Exercise objective
Beginning with the line containing "Anker USB Type C Wall Charger" and ending with the line containing "golo777 logo", write out each line of the records below exactly; pictures and lines outside that range are left out.

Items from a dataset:

*** Block opens ***

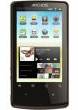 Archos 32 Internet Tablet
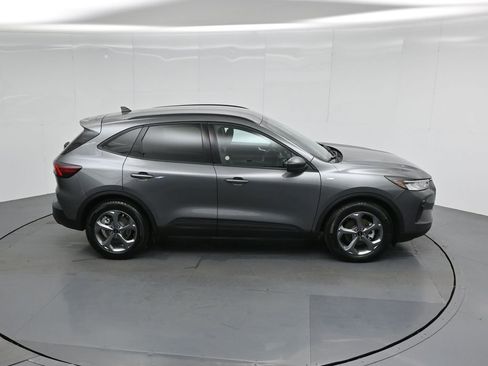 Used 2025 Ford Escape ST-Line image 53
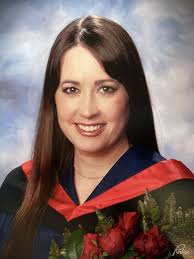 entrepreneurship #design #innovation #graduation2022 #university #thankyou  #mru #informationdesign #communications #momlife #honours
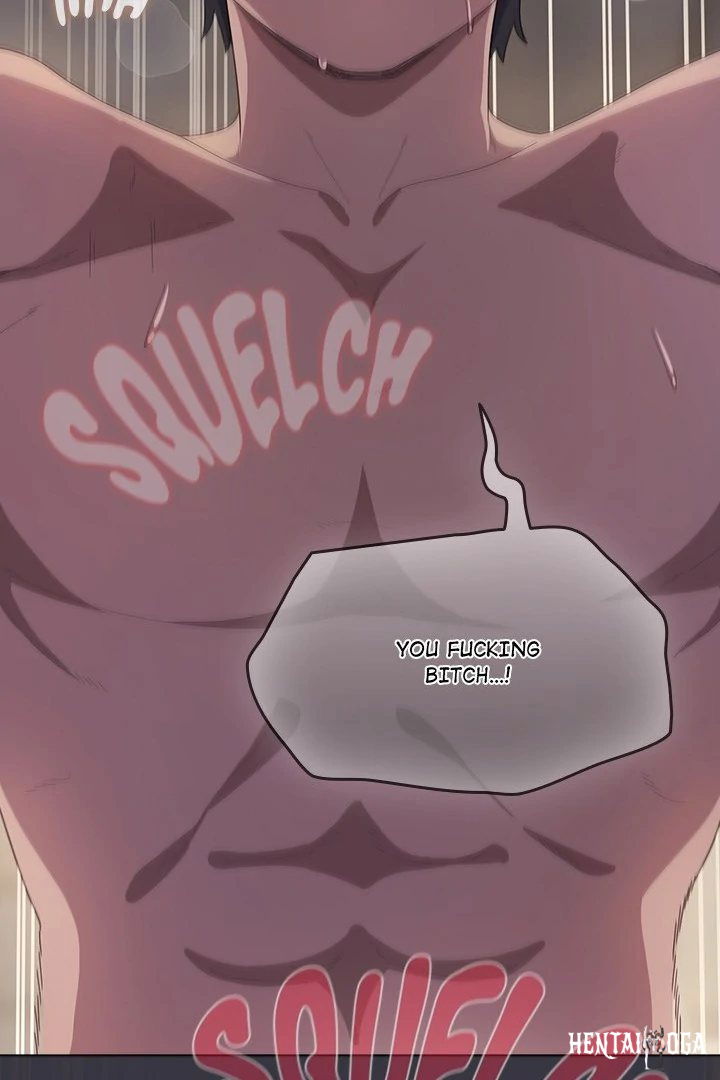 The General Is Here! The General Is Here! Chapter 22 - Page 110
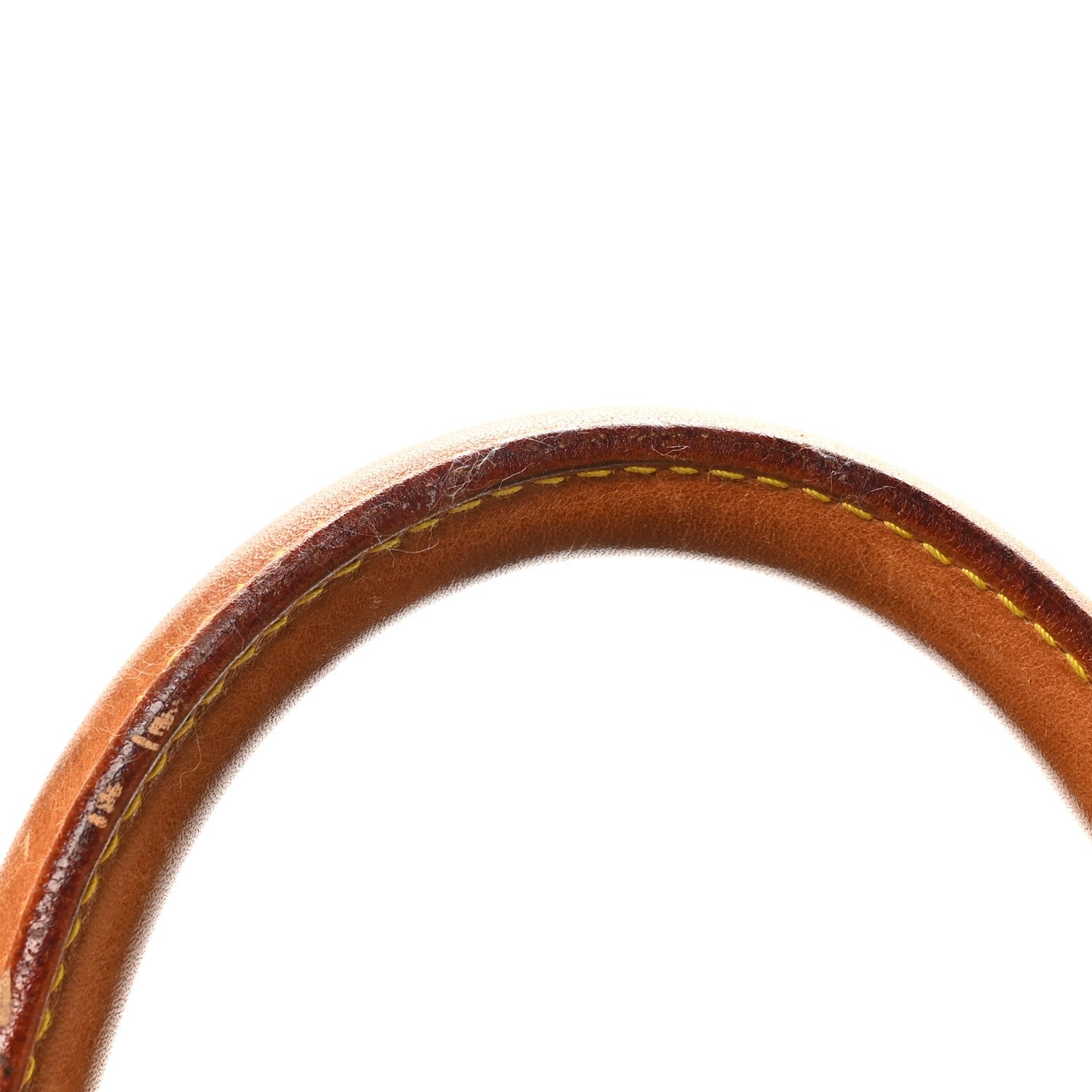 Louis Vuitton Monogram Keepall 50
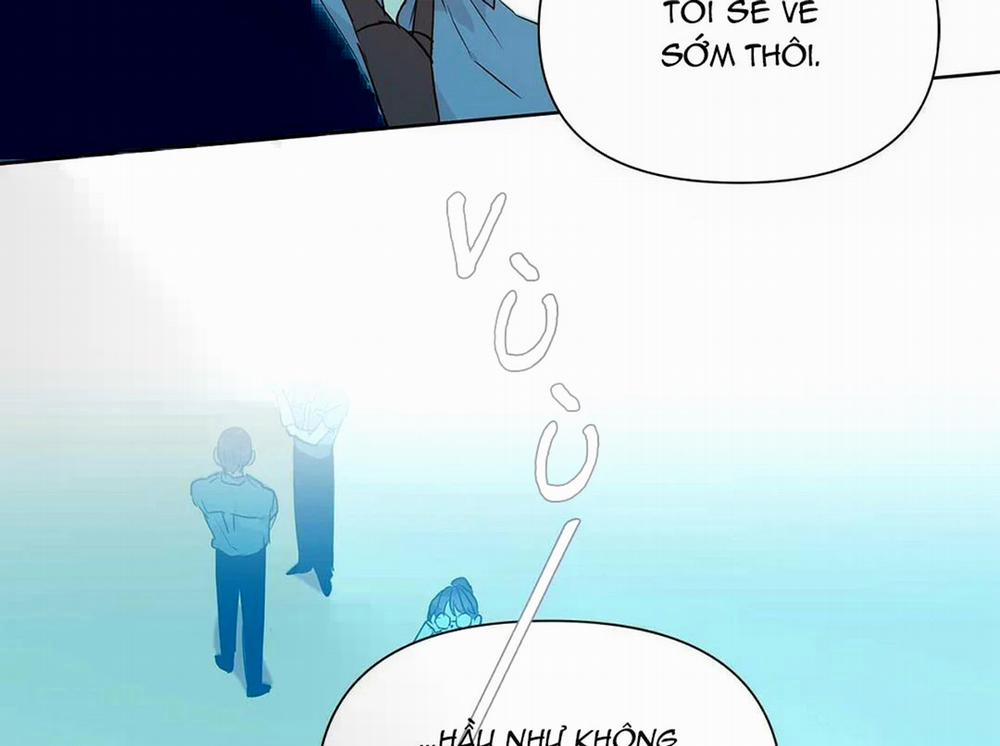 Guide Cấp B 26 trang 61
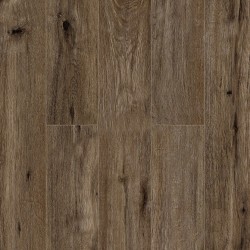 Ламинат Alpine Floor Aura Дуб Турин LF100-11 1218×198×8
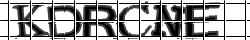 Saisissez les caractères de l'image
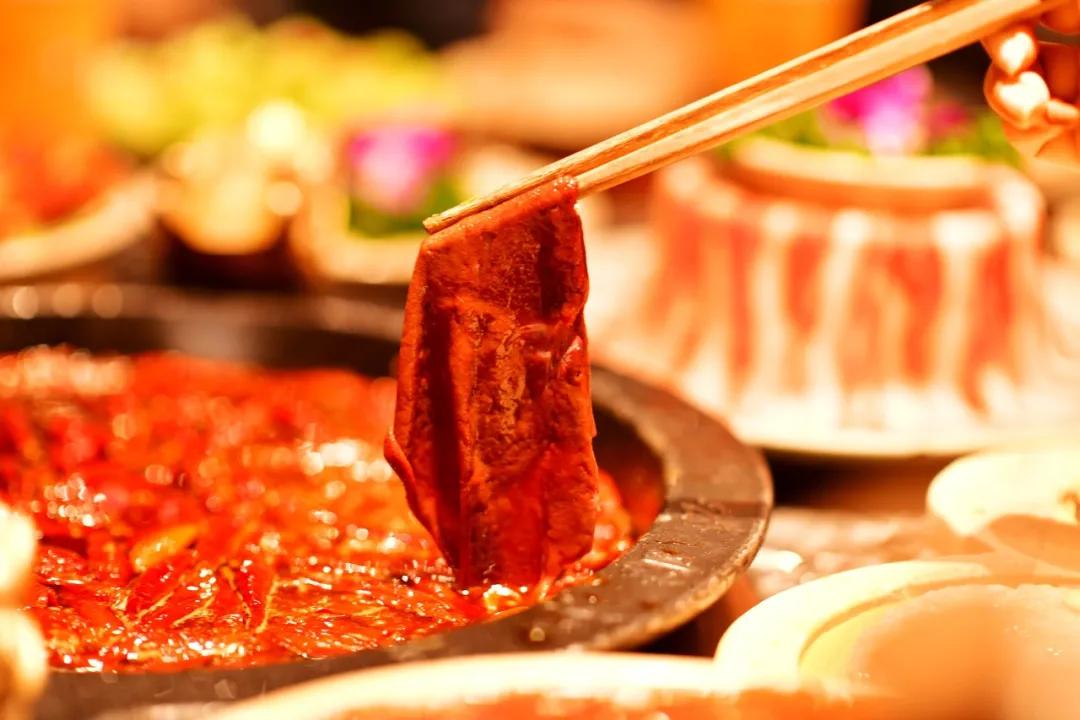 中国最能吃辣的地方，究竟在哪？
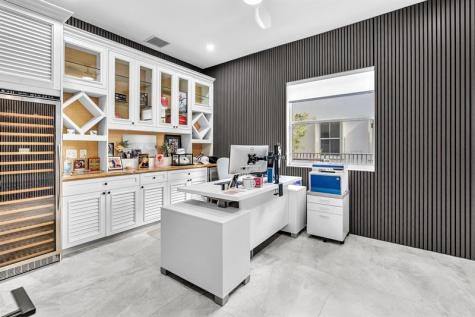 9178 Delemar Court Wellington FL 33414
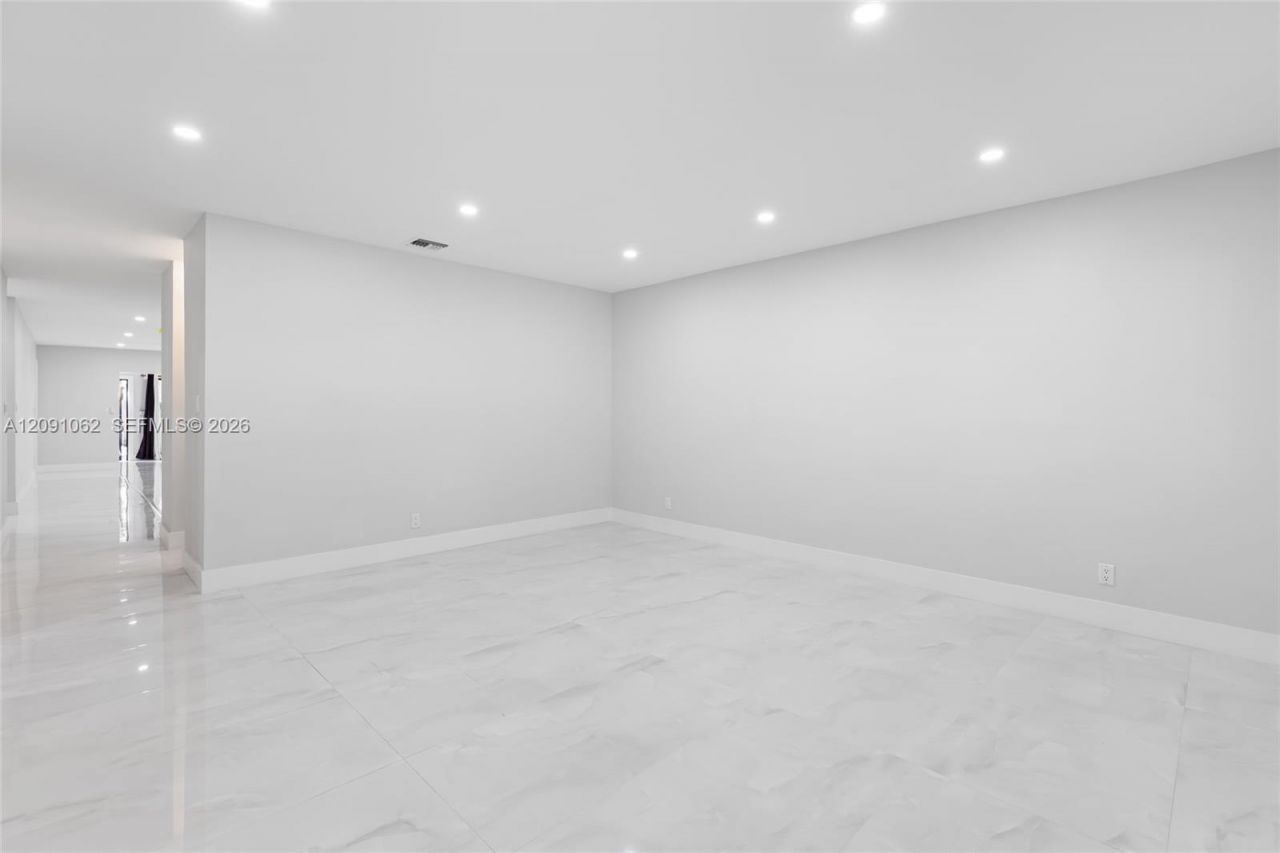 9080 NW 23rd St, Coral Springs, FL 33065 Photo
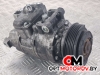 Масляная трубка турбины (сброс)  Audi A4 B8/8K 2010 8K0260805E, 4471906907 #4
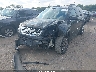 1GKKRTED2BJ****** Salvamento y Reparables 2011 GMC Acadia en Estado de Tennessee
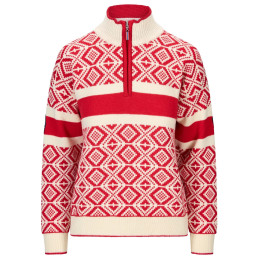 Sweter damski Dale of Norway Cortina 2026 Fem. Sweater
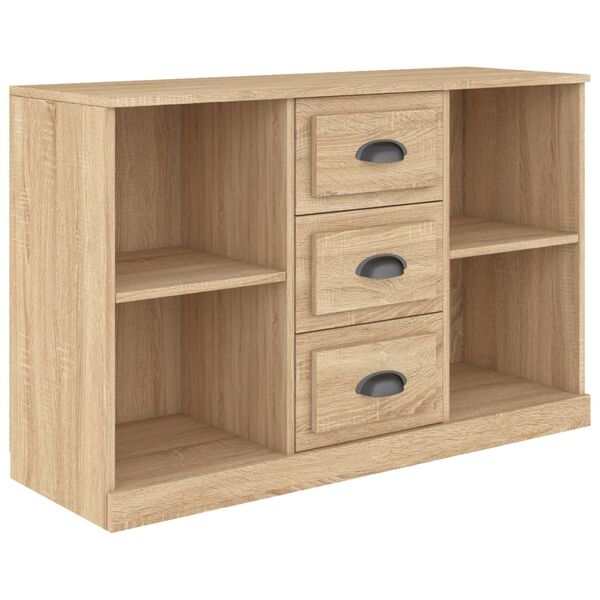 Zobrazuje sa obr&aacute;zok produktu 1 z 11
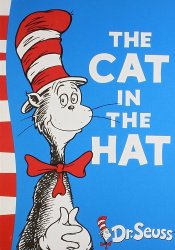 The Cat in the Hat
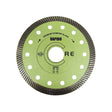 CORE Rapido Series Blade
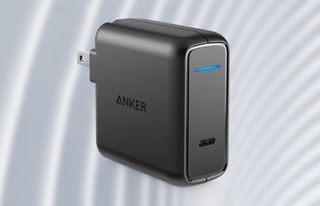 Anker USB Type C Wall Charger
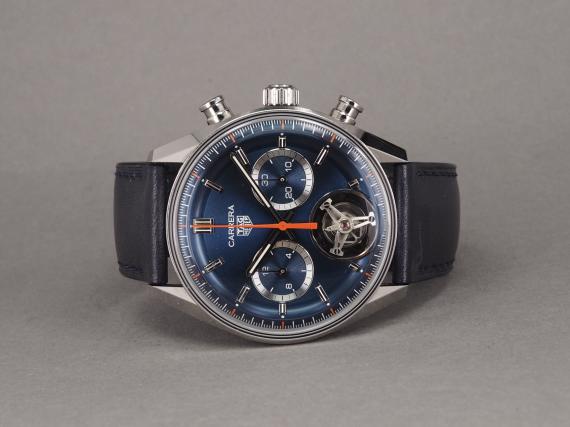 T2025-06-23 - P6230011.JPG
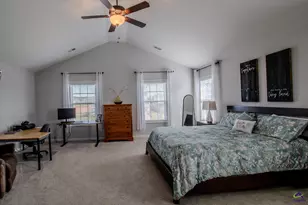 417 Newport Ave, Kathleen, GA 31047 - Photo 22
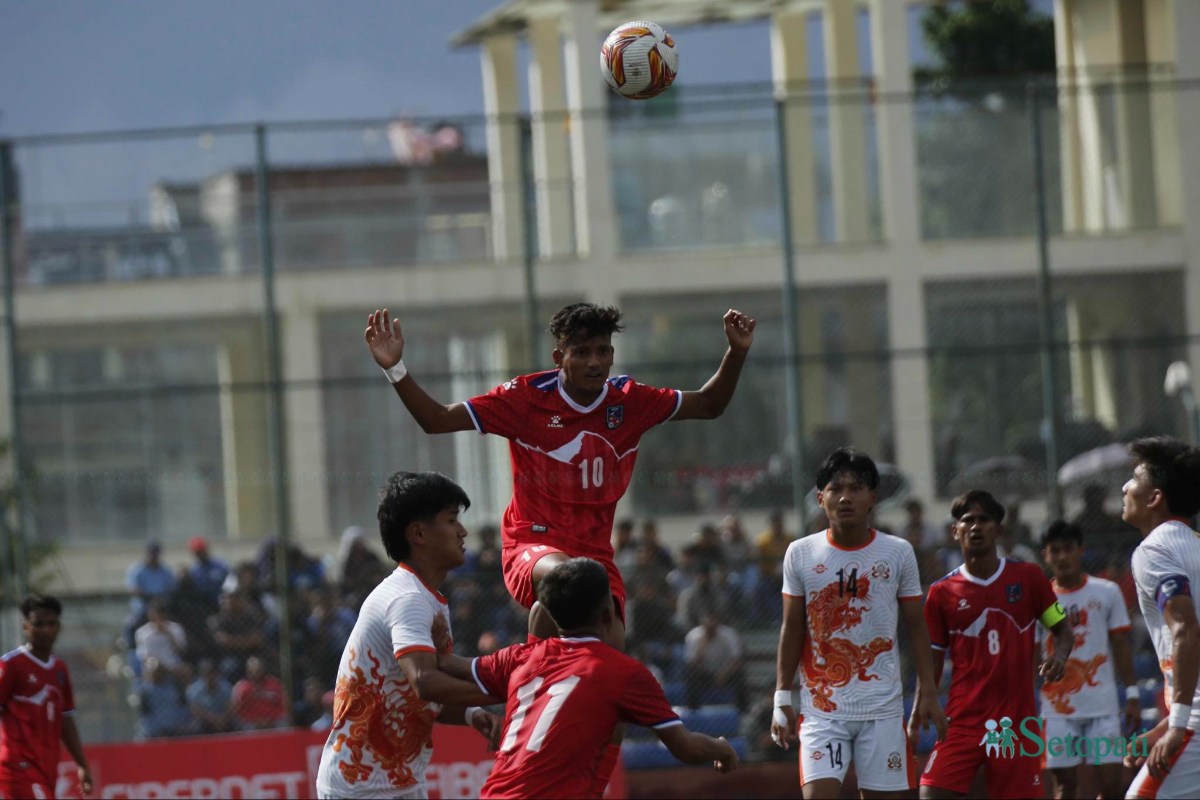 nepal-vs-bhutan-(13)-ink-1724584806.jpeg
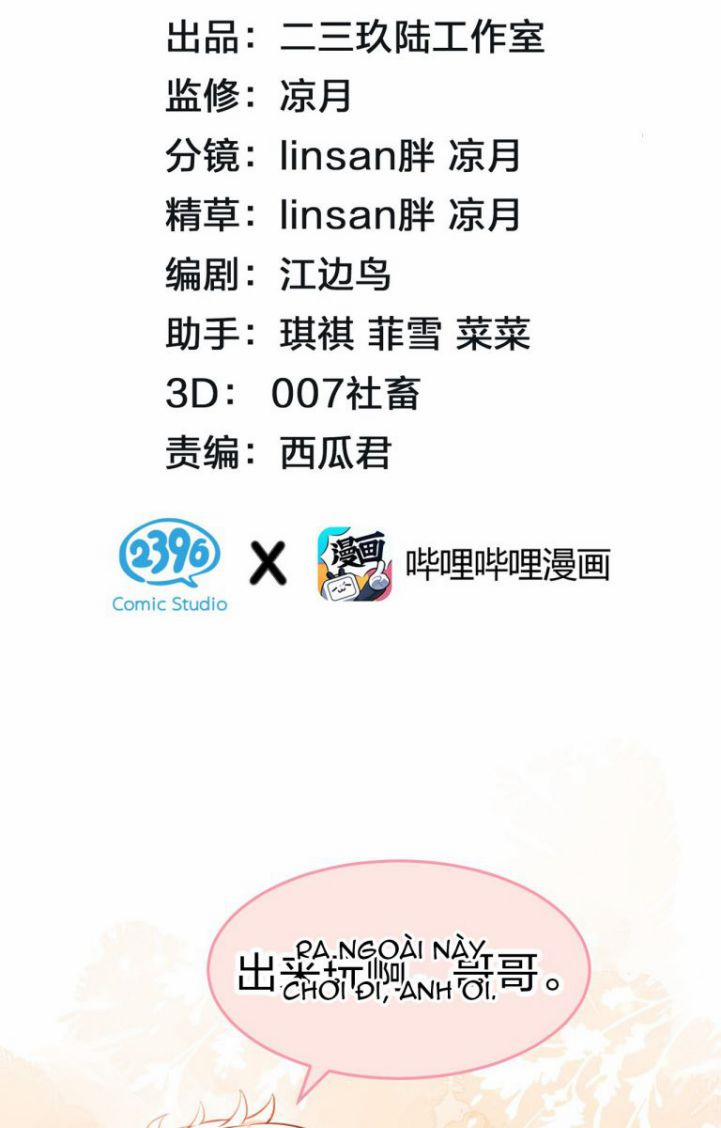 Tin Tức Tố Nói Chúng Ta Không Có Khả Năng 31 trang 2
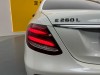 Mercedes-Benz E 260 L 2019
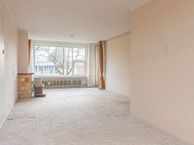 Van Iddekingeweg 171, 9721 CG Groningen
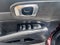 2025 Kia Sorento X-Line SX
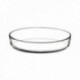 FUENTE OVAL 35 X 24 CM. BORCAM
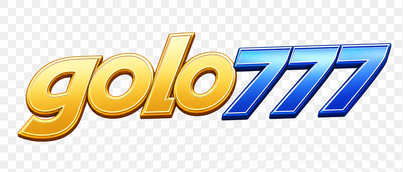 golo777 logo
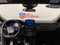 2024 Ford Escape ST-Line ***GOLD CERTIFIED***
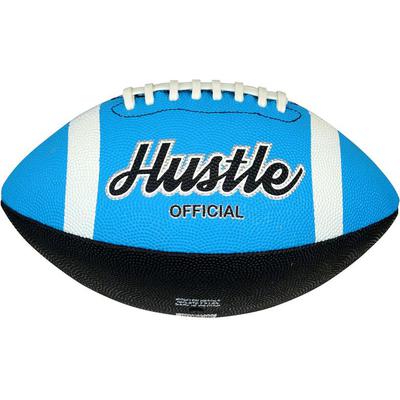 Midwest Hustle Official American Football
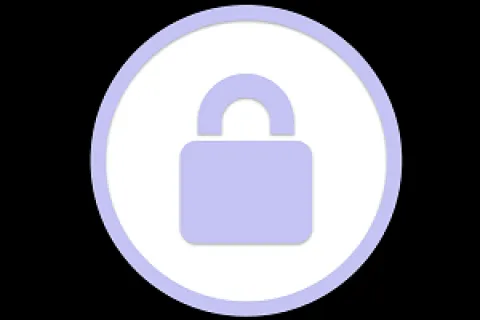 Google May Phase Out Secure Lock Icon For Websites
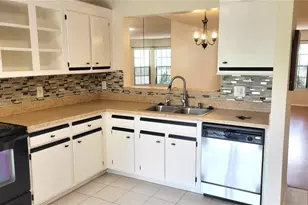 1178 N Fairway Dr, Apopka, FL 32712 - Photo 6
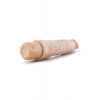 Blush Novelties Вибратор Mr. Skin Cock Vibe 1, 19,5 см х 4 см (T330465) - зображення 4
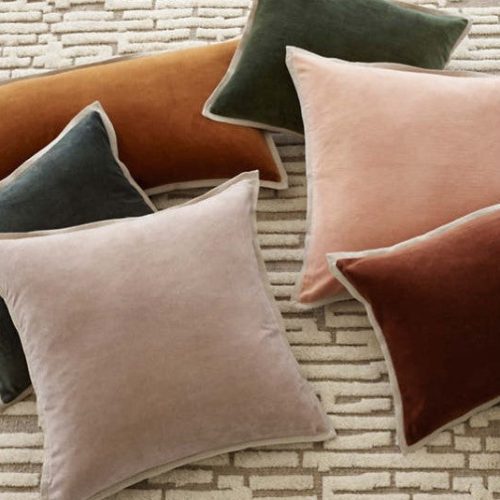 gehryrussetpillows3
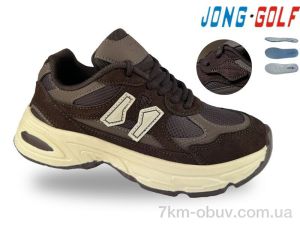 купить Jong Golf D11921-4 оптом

*** Block closes ***

Exercise output
 Anker USB Type C Wall Charger
 T2025-06-23 - P6230011.JPG
 417 Newport Ave, Kathleen, GA 31047 - Photo 22
 nepal-vs-bhutan-(13)-ink-1724584806.jpeg
 Tin Tức Tố Nói Chúng Ta Không Có Khả Năng 31 trang 2
 Mercedes-Benz E 260 L 2019
 Van Iddekingeweg 171, 9721 CG Groningen
 2025 Kia Sorento X-Line SX
 FUENTE OVAL 35 X 24 CM. BORCAM
 golo777 logo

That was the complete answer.